Directions for this task:
Here the job is to transcribe the data verbatim while leaving each picture out.

Data block:

- - - - -

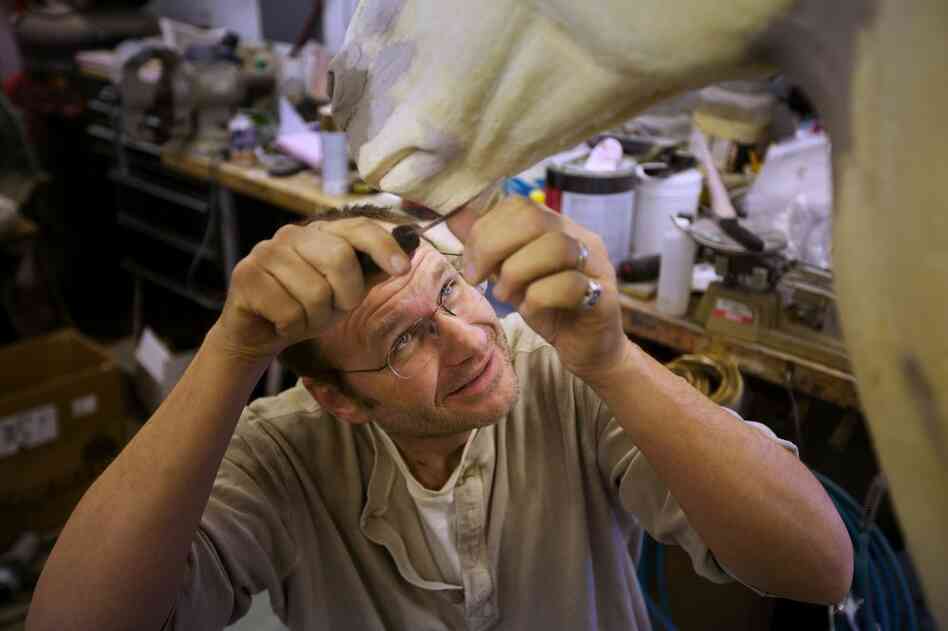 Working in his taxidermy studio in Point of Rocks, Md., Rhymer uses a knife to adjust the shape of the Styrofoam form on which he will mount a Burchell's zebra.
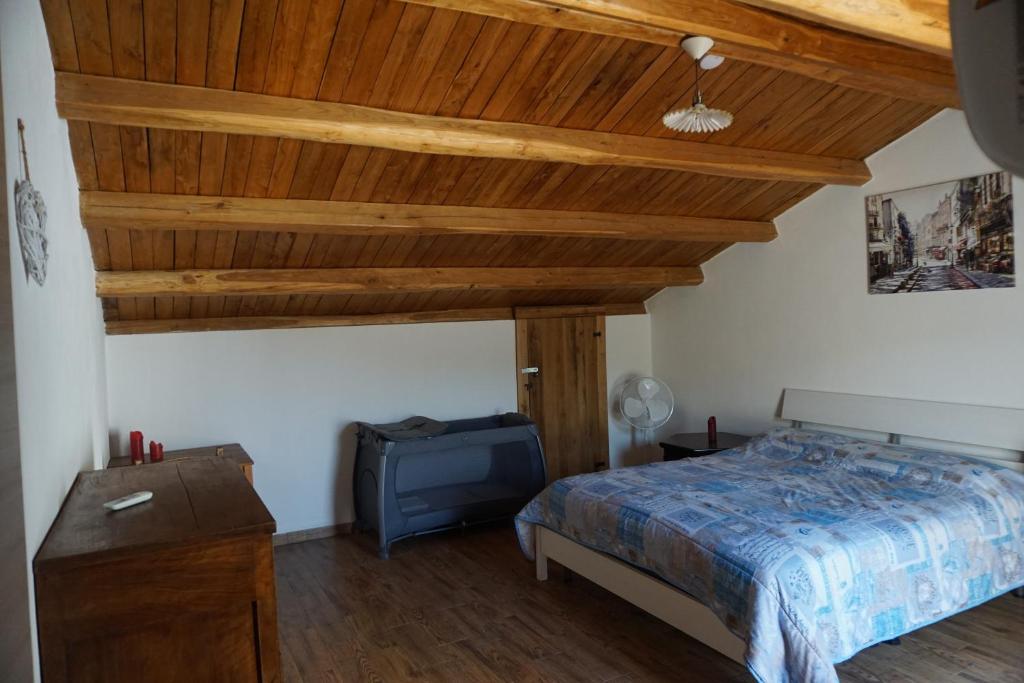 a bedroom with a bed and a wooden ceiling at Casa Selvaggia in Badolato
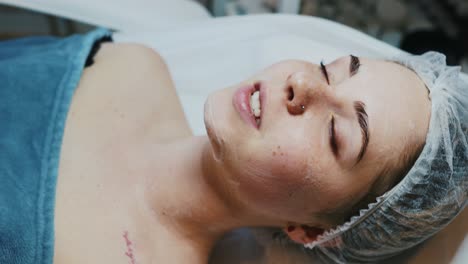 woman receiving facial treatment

- - - - -

Written response:
 Working in his taxidermy studio in Point of Rocks, Md., Rhymer uses a knife to adjust the shape of the Styrofoam form on which he will mount a Burchell's zebra.
 a bedroom with a bed and a wooden ceiling at Casa Selvaggia in Badolato
 woman receiving facial treatment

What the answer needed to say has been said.